S&C has developed the IntelliTEAM II Automatic Restoration System using a modular system of distributed intelligence and the UtiliNet radio network to provide peer-to-peer communications as well as remote functionality to dynamically track system conditions on distribution systems. It is fully automatic in its ability to locate a fault, isolate it and restore service to customers.
Dean Craig of ENMAX Corp. (Calgary, Alberta, Canada) says that ENMAX began a five-year feeder automation program in 2003, automating eighteen 25-kV feeders on its system in Phase 1. This resulted in an 8.6% reduction of SAIDI minutes for 2004. ENMAX completed Phase II in 2005 by automating ten 13-kV feeders, resulting in a 13.1% reduction of SAIDI minutes for 2005. Phase III added five 25-kV and fourteen 13-kV feeders for a 14.7% SAIDI reduction in 2006.
ENMAX has more than 120 operational switches in service, with 45 being installed in the first part of 2007. The goal is to have 200 in service by the end of 2007. According to Craig, ENMAX has saved more than 3 million customer outage minutes since the feeder automation system went into service. The initial five-year program ends in 2007; however, given the good results to date, ENMAX has decided to continue the program past the initial five-year deployment.
S&C recently unveiled the IntelliTEAM III Automatic Protection and Restoration System. It joins the IntelliTEAM II product line with the new IntelliRupter PulseClosure and combines that with its new SpeedNet radio system. IntelliTEAM III has the ability to automatically sectionalize feeders during a system disturbance and use adaptive protection for the reconfigured circuits.
Boyd Rice, vice president of strategic marketing for S&C, points out that IntelliTEAM III has the logic to perform automatic operations without human intervention. The utility sets the decision points on deployment. The dispatcher receives information on the condition of the system and has a choice of intervening or letting the system take care of it. This allows the dispatcher to concentrate on more critical alarms and let the IntelliTEAM III do its job automatically.
Tier 3 Component of DV2010
Russ Fanning, a principal engineer, distribution automation for We Energies, describes the Tier 3 component of the Distribution Vision 2010 system as the workhorse.

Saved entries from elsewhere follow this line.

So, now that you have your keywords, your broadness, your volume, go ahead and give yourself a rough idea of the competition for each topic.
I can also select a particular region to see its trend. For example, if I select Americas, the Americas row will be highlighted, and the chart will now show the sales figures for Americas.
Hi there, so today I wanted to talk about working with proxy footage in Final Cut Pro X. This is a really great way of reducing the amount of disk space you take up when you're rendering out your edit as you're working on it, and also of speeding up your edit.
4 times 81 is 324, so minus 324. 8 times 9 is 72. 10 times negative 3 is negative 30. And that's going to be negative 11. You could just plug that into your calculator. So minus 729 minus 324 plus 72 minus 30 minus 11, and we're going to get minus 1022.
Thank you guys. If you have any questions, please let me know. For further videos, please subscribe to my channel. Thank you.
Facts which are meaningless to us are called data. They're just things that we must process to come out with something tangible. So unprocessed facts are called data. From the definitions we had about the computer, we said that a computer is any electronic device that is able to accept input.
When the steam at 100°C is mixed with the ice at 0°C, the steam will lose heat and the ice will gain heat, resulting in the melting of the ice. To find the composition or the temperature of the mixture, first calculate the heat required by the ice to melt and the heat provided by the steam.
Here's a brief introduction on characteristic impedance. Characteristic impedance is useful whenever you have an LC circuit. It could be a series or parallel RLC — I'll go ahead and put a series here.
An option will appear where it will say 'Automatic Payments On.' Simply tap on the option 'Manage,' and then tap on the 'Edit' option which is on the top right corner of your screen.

It is a distribution automation (DA) controller that has been developed as a module of the ORION RTU (remote terminal unit) made by NovaTech, LLC to integrate information from devices located both inside and outside the substation for consideration by the DA logic. It also integrates the DA system into the utility's SCADA system.
In DA system installations where the advanced DA and high-speed features of Tier 1 and 2 are not required, the DA controller can work alone with any manufacturer's equipment capable of communications. The Tier 3 DA controller can perform its functions automatically without human intervention. When a fault occurs, the DA logic determines where the fault is located. It then automatically invokes switching commands to field devices to isolate the fault and reconfigure the circuit so service is restored whenever possible.

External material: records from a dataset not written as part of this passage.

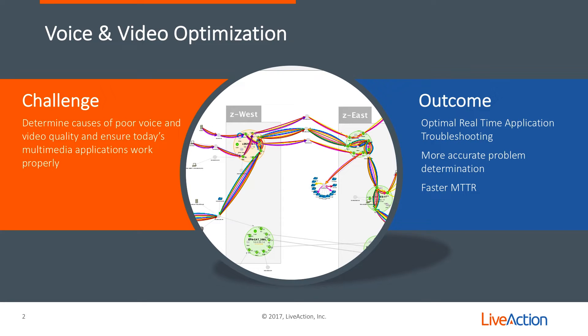By using LiveAction's LiveNX software, we're able to provide optimal real-time application troubleshooting, basically being able to pinpoint where the problems are within your network, and that results in a faster mean time to repair using the entire solution within LiveNX.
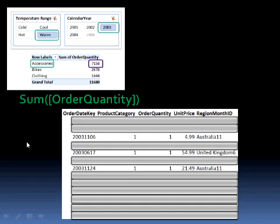When we move into the calculate phase, take for instance the first term in our calculation, which is sum of order quantity. That just operates against whatever is left over. It's now a sum of what's left of this table in the order quantity column, just those rows that are remaining.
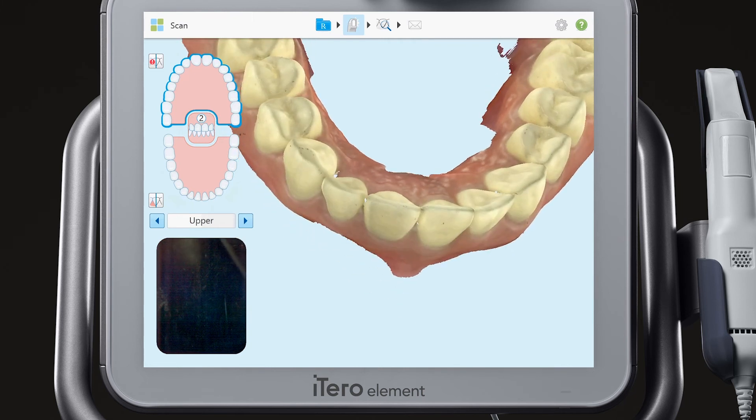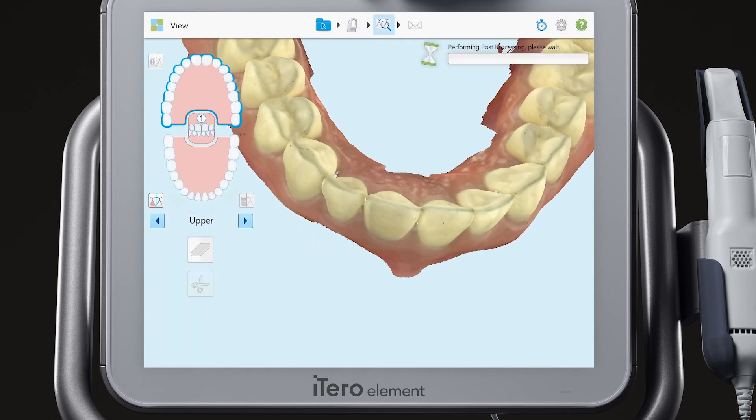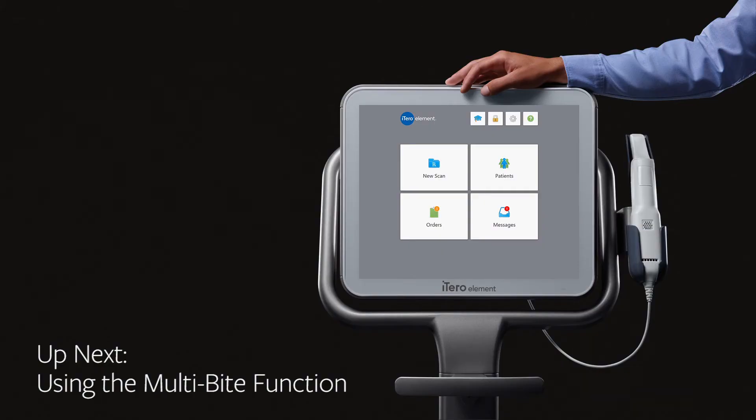Tap the view icon, review the processed model, and when you are ready, send the case.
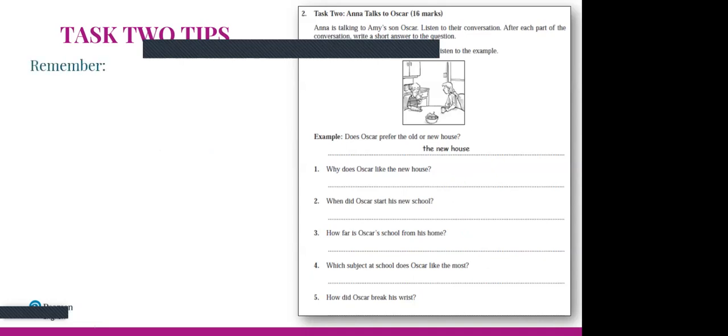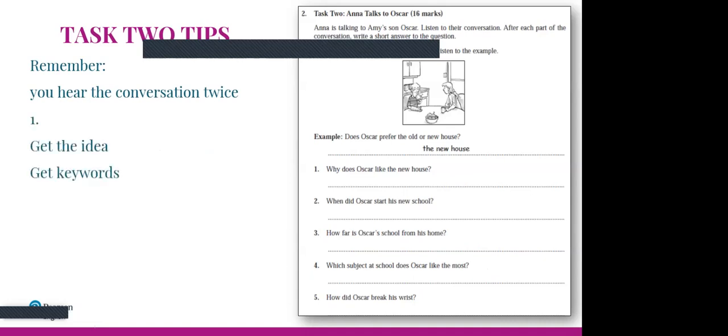Remember, pupils hear the conversation twice. The first listening is for getting the general idea and some keywords — they can jot down notes next to the question. The first listening is also for getting the signposts and the general direction of the conversation. The second listening is for getting the details and putting the final answer. They don't have to write the final answer during the first listening.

Fanning explains that the dispatcher is aware of what is taking place and can override the system if needed, but the reconfiguration is often finished before the dispatcher is aware of the problem. Typically, the circuit reconfiguration is completed within 2 minutes or less after the initial fault. The Tier 3 design also is used to create safety zones “on the fly” for field crews while performing live-line work within the DA system. According to Fanning, there are about a dozen systems installed at We Energies now, with more on the way.